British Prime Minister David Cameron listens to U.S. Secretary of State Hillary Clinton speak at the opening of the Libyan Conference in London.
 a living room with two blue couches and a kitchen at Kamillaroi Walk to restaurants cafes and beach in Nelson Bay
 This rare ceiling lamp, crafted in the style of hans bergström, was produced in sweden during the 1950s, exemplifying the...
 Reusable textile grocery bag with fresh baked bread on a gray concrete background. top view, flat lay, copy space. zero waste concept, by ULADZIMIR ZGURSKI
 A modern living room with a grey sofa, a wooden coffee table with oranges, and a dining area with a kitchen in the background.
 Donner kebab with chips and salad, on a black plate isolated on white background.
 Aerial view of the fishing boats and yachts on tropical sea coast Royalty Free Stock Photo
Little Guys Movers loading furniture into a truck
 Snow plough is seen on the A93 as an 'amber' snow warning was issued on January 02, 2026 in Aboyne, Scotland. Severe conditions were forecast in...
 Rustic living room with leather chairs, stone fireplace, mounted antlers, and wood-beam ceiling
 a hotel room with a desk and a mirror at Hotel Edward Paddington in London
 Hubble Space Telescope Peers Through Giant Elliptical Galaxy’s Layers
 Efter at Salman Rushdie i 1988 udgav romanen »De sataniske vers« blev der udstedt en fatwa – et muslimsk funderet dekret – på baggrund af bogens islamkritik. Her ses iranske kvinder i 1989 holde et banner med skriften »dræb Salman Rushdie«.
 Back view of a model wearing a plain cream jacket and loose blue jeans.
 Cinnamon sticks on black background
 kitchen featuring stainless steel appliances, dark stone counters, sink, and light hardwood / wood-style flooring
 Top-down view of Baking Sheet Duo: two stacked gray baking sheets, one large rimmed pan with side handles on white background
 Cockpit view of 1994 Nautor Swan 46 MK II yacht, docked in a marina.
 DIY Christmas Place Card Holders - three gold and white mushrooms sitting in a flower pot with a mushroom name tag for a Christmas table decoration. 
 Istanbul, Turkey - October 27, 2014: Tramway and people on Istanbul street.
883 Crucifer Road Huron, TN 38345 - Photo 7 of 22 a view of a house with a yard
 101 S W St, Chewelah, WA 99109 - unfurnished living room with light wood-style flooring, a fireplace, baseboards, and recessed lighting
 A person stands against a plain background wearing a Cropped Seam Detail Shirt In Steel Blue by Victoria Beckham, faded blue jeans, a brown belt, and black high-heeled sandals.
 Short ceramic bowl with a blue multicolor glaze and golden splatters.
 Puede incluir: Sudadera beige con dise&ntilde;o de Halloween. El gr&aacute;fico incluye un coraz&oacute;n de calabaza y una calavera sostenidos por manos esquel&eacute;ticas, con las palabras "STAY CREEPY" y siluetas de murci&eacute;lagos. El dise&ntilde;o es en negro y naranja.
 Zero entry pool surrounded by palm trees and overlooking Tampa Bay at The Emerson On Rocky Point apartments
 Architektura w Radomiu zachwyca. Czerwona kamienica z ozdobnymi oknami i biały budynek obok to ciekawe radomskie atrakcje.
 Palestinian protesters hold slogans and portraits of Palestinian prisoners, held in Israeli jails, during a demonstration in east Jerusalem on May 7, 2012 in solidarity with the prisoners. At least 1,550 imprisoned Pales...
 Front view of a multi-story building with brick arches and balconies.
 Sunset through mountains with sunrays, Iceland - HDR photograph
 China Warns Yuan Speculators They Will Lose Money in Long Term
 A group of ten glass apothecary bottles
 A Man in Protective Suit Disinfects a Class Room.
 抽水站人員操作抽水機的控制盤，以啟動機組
§ §
▶ _WHAT IS REQUIRED_
Return the lines beginning at the one that contains "Cinnamon sticks on black background" and continuing through the last line of the data, exactly as they stand and without any others.

▶ _TASK OUTPUT_
 Cinnamon sticks on black background
 kitchen featuring stainless steel appliances, dark stone counters, sink, and light hardwood / wood-style flooring
 Top-down view of Baking Sheet Duo: two stacked gray baking sheets, one large rimmed pan with side handles on white background
 Cockpit view of 1994 Nautor Swan 46 MK II yacht, docked in a marina.
 DIY Christmas Place Card Holders - three gold and white mushrooms sitting in a flower pot with a mushroom name tag for a Christmas table decoration. 
 Istanbul, Turkey - October 27, 2014: Tramway and people on Istanbul street.
883 Crucifer Road Huron, TN 38345 - Photo 7 of 22 a view of a house with a yard
 101 S W St, Chewelah, WA 99109 - unfurnished living room with light wood-style flooring, a fireplace, baseboards, and recessed lighting
 A person stands against a plain background wearing a Cropped Seam Detail Shirt In Steel Blue by Victoria Beckham, faded blue jeans, a brown belt, and black high-heeled sandals.
 Short ceramic bowl with a blue multicolor glaze and golden splatters.
 Puede incluir: Sudadera beige con dise&ntilde;o de Halloween. El gr&aacute;fico incluye un coraz&oacute;n de calabaza y una calavera sostenidos por manos esquel&eacute;ticas, con las palabras "STAY CREEPY" y siluetas de murci&eacute;lagos. El dise&ntilde;o es en negro y naranja.
 Zero entry pool surrounded by palm trees and overlooking Tampa Bay at The Emerson On Rocky Point apartments
 Architektura w Radomiu zachwyca. Czerwona kamienica z ozdobnymi oknami i biały budynek obok to ciekawe radomskie atrakcje.
 Palestinian protesters hold slogans and portraits of Palestinian prisoners, held in Israeli jails, during a demonstration in east Jerusalem on May 7, 2012 in solidarity with the prisoners. At least 1,550 imprisoned Pales...
 Front view of a multi-story building with brick arches and balconies.
 Sunset through mountains with sunrays, Iceland - HDR photograph
 China Warns Yuan Speculators They Will Lose Money in Long Term
 A group of ten glass apothecary bottles
 A Man in Protective Suit Disinfects a Class Room.
 抽水站人員操作抽水機的控制盤，以啟動機組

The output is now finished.